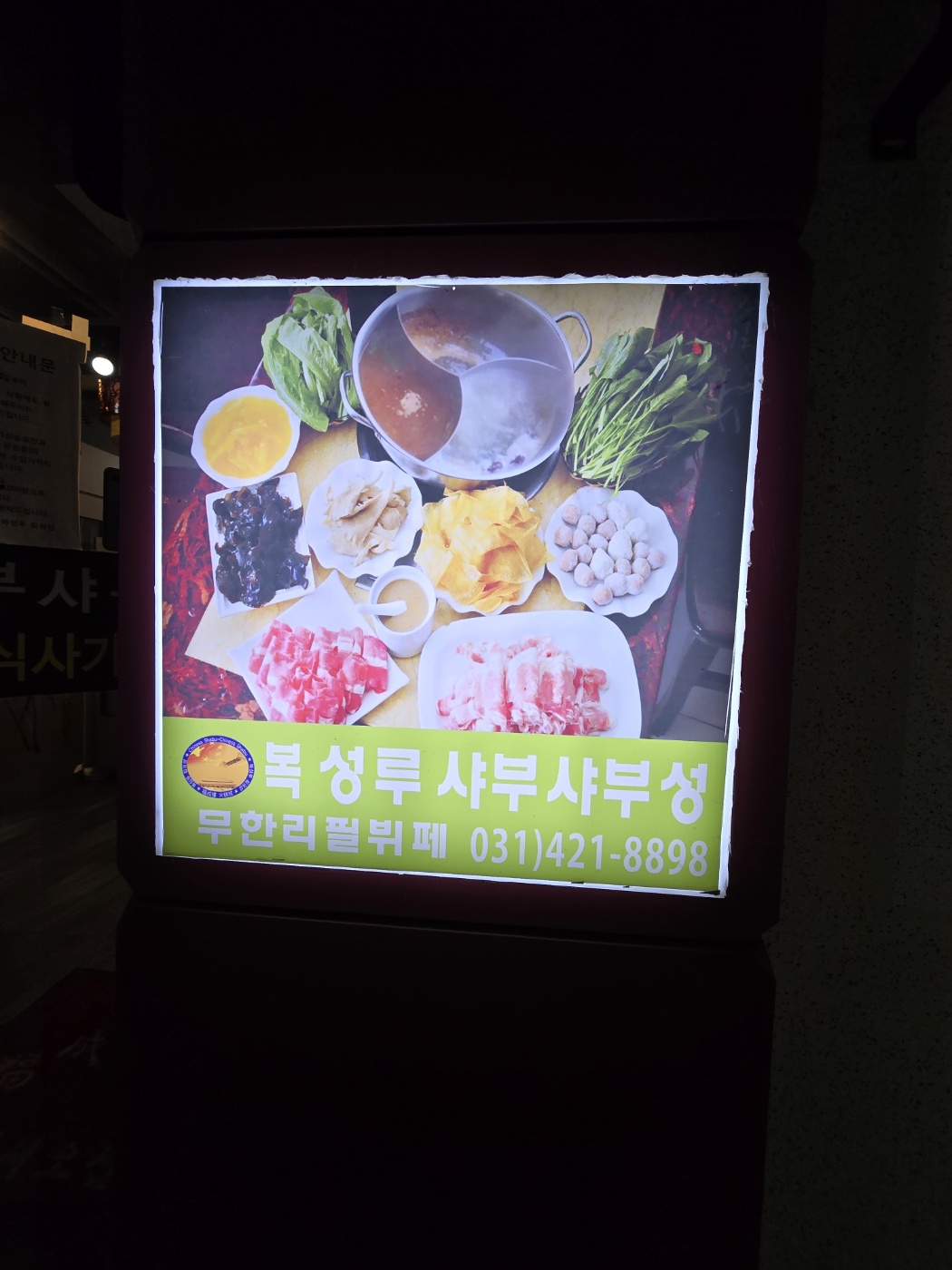 복성루훠궈성 입구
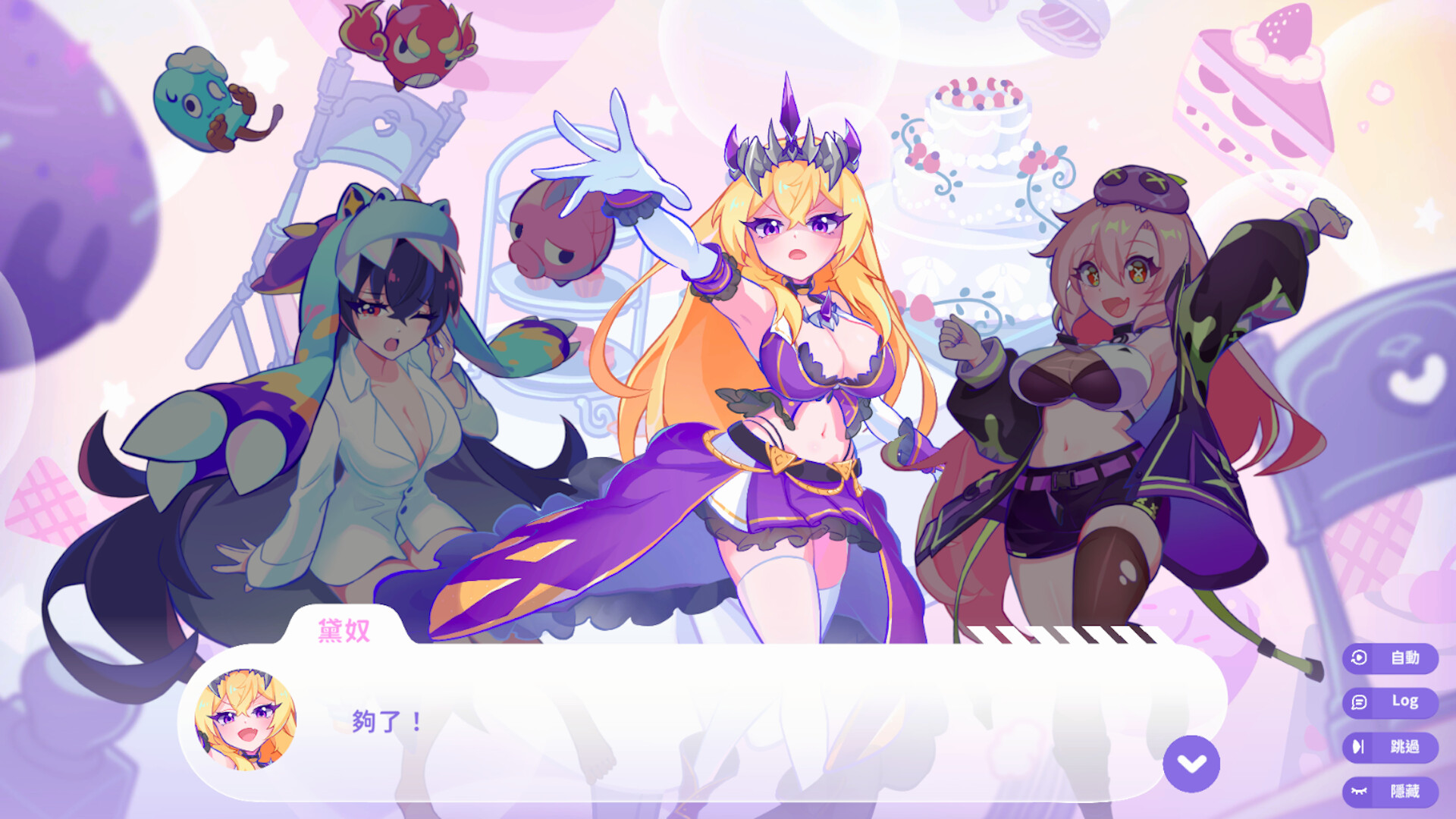 Kaiju Princess: Super Survivor Showdown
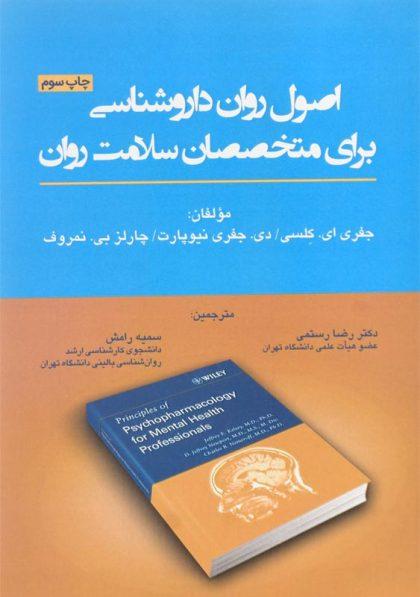 کتاب-اصول-روان-داروشناسی-برای-متخصصان-سلامت-روان-کلسی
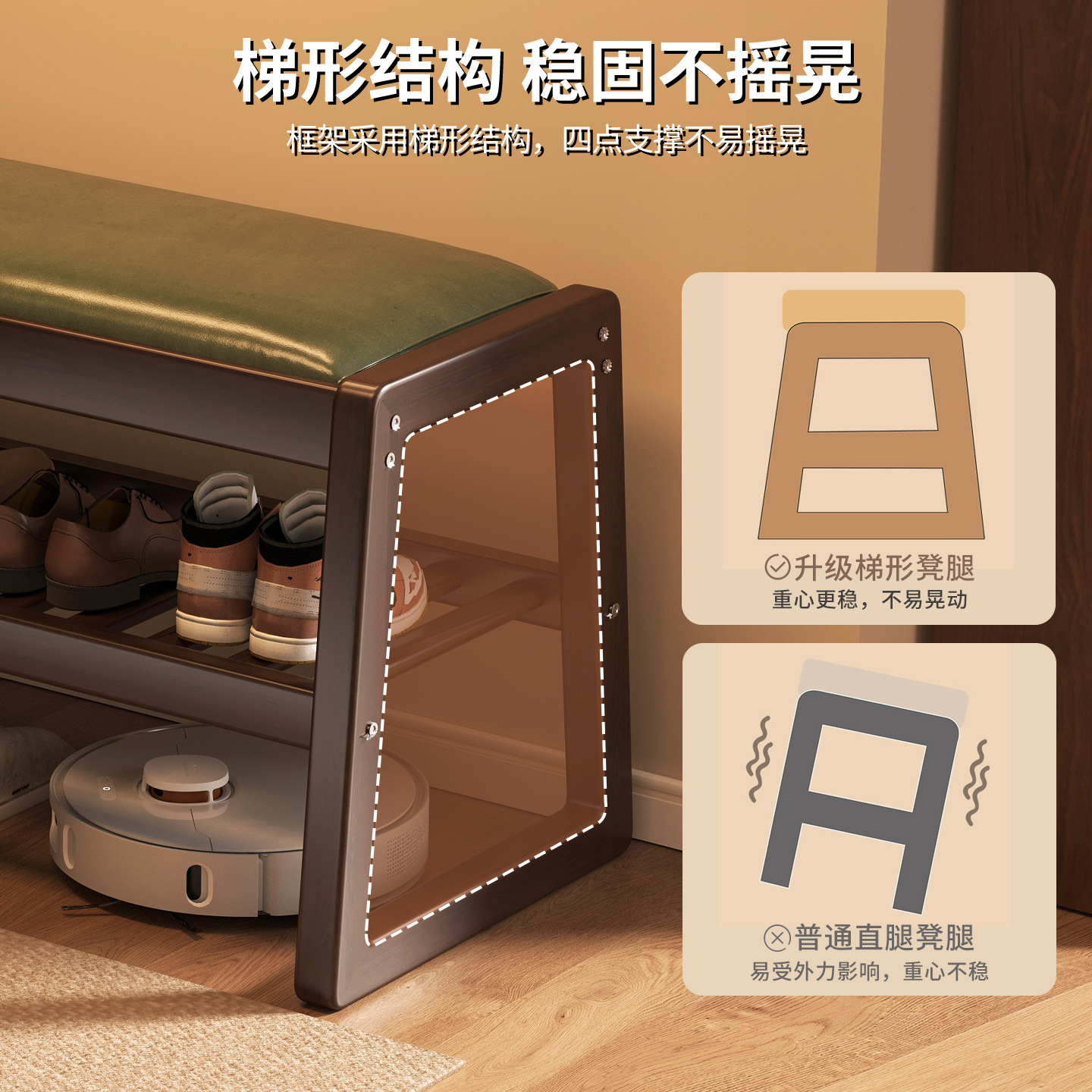 Taburete de cambio de zapatos integrado porta de entrada del hogar armario de puerta de entrada pequeño balcón de tipo de casa fácil de almacenar taburete de asiento de paquete suave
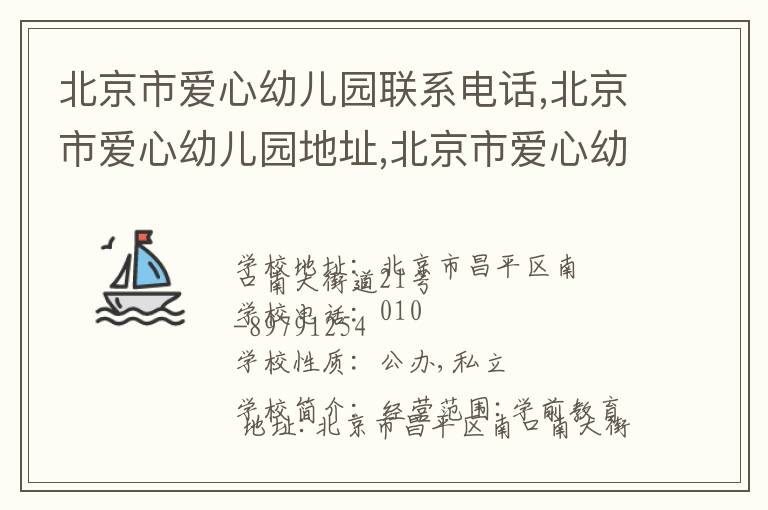 北京市爱心幼儿园联系电话,北京市爱心幼儿园地址,北京市爱心幼儿园官网地址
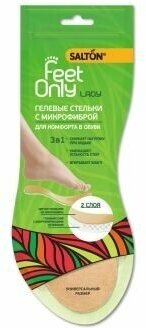 Salton Гелевые стельки с покрытием из микрофибры Feet Comfort Lady, 1 уп.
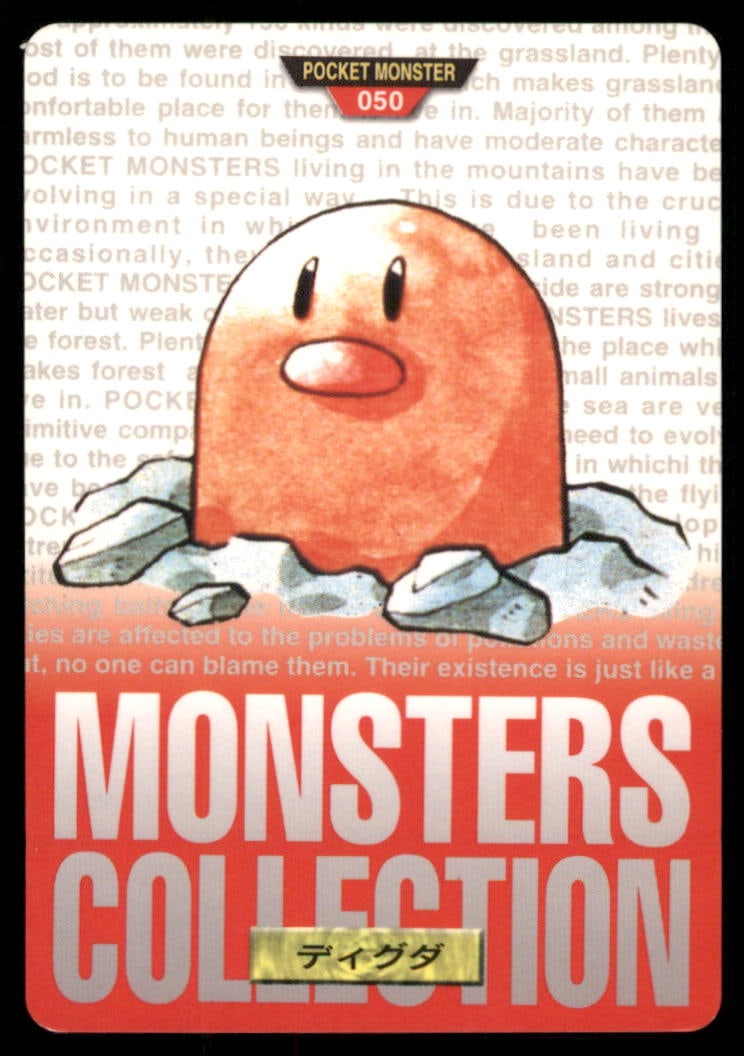 Diglett NO. 050 Bandai Carddass Series 1-2 G Pokemon Card Japanese: We offer combined shipping on multiple items. Buyers may also arrange their own shipping. LiveShipping is a separate and independent option for shipping that is NOT a part of the auction house or thei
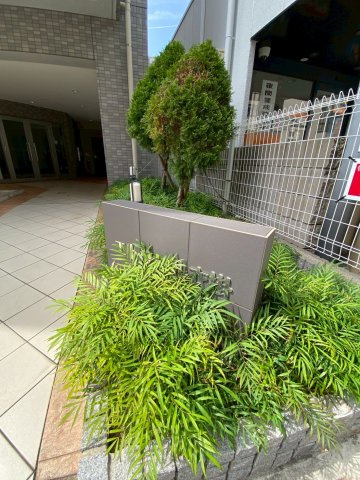 エトワール衣掛の外観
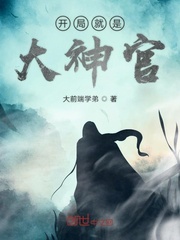 民国小说军阀强取豪夺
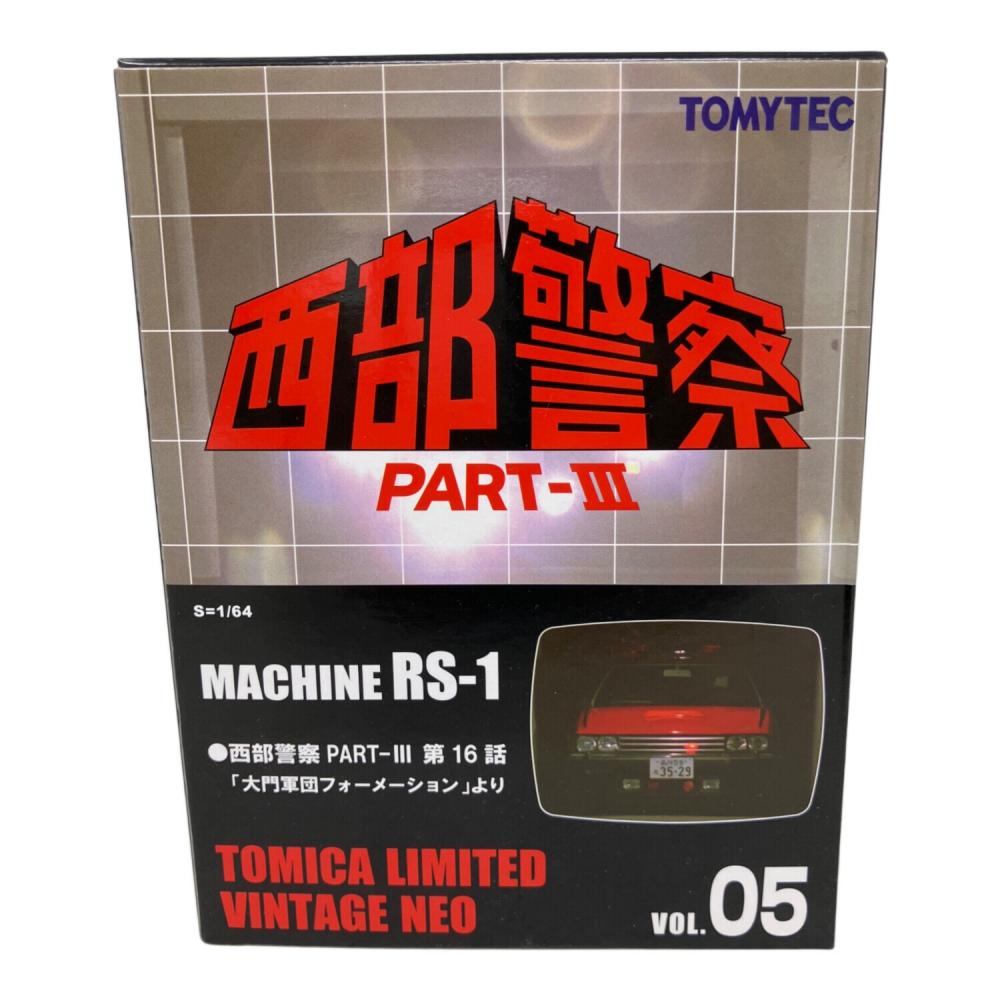 TOMYTEC トミーテック トミカリミテッドヴィンテージ ネオ 西部警察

--------------------------------------------------

• _WHAT TO PRODUCE_:
Write the data above out again exactly, minus its pictures.

• _EXERCISE SOLUTION_:
 복성루훠궈성 입구
 Kaiju Princess: Super Survivor Showdown
 کتاب-اصول-روان-داروشناسی-برای-متخصصان-سلامت-روان-کلسی
 Taburete de cambio de zapatos integrado porta de entrada del hogar armario de puerta de entrada pequeño balcón de tipo de casa fácil de almacenar taburete de asiento de paquete suave
 北京市爱心幼儿园联系电话,北京市爱心幼儿园地址,北京市爱心幼儿园官网地址
 Salton Гелевые стельки с покрытием из микрофибры Feet Comfort Lady, 1 уп.
 Diglett NO. 050 Bandai Carddass Series 1-2 G Pokemon Card Japanese: We offer combined shipping on multiple items. Buyers may also arrange their own shipping. LiveShipping is a separate and independent option for shipping that is NOT a part of the auction house or thei
 エトワール衣掛の外観
 民国小说军阀强取豪夺
 TOMYTEC トミーテック トミカリミテッドヴィンテージ ネオ 西部警察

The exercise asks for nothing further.